Carlo chasing change

Anne Simmons

Yarragon resident Carlo Ierfone had been considering taking a stab at state politics for years but running a shoe repair shop in Warragul as a sole trader presented obvious roadblocks.

Earlier this year, the opportunity to sell up arose and Mr Ierfone had a reason to chase the change he was looking for.

It closed 20 years in small business and opened the potential to become the independent member for Narracan.

“I’ve been bitching for years … Everyone knows what to do but … they don’t want to get involved to do it, you see,” Mr Ierfone said.

“I’m going in the deep end, aren’t I?”

Mr Ierfone describes himself as “just the average bloke”, is involved in local cricket and is a father-of-two.

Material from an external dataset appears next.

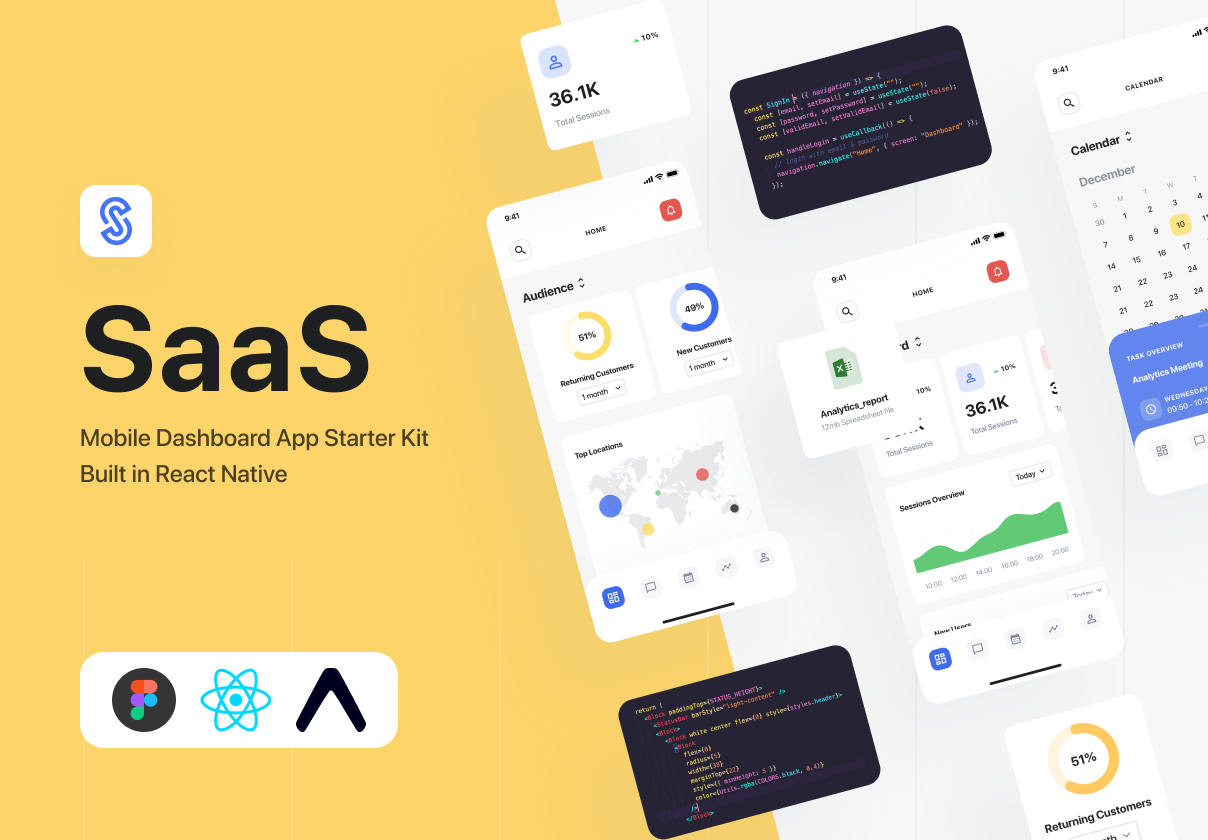 SaaS MVP Development for Startups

Running as an independent, rather than for a major party, was the right fit for the 50-year-old after being his own boss for 20 years.

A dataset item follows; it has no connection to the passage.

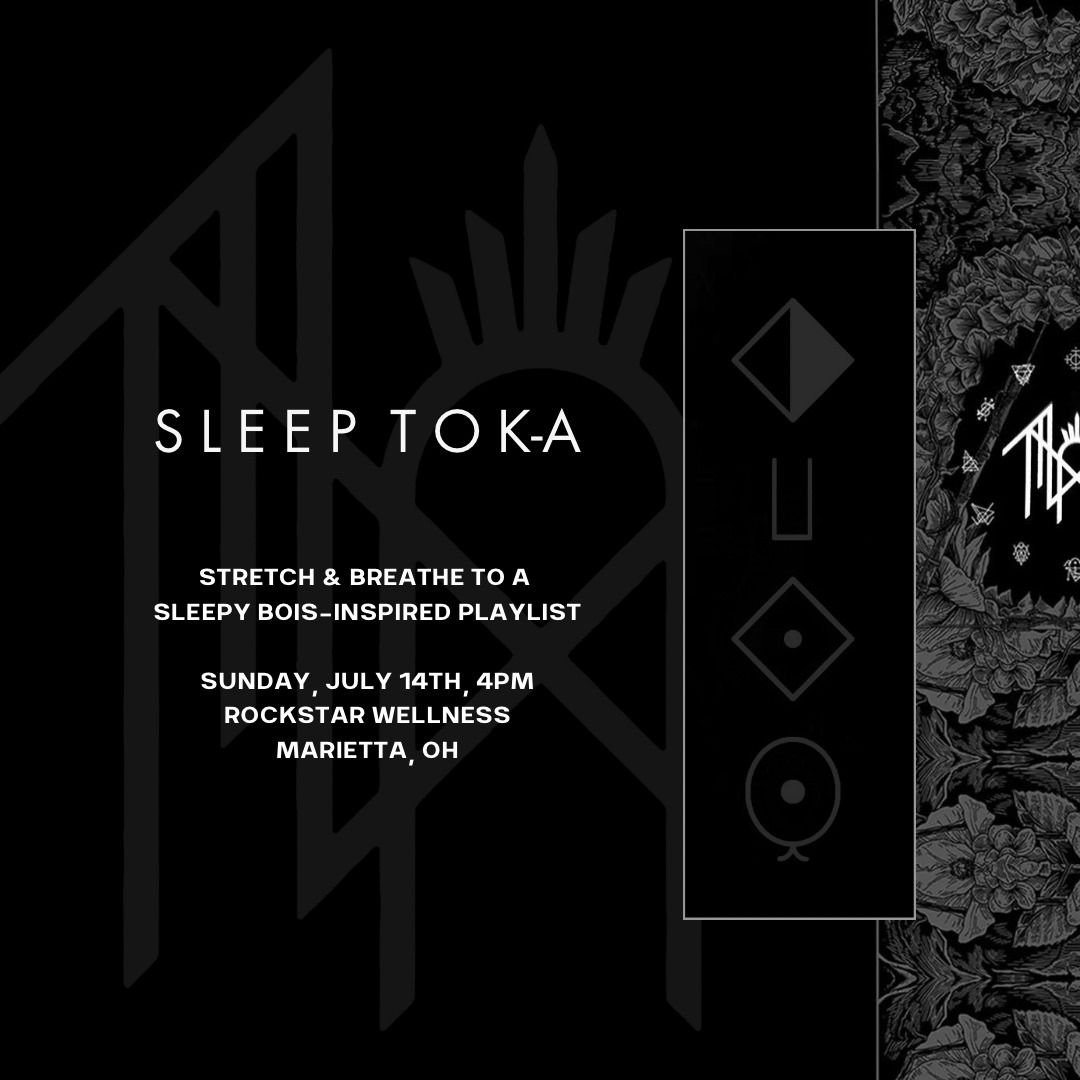 Sleep Tok-A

“It’s just how I am. I’m easy-going, outgoing – outspoken sometimes – but that’s just who I am,” Mr Ierfone said.

His family chose to venture east from Glen Waverley about 20 years ago in search of change and the time has come for another.

“You live down Melbourne all your life and you just want to get out of there. It’s a bit busy now. Everybody’s in a rush to go nowhere,” Mr Ierfone said.

The “craziness” of excessive importing from overseas has left Mr Ierfone scratching his head despite the fertile agricultural land surrounding his hometown.

“We’ve got the best veggies and fruit in the world,” he said.

“I was just talking to another business owner who is getting chips from Belgium, frozen chips from Belgium. What the hell? … Thorpdale is full of potatoes. It’s actually cheaper to get it from Belgium.”

Embracing leading-edge technologies is a main feature of his agenda to build industry and employment.

“My theory is people work, there will be less crime, less pressure on the police, less pressure on all the system, you know. It’s just common sense when you think about it,” Mr Ierfone said.

He supports brown coal-fired power generation but believes it should be a stepping stone to introducing new industries like renewables.

“Once we get that right we can shut down the coal. We’ve got to have a plan. We can’t just shut the gate and hope for the best,” he said.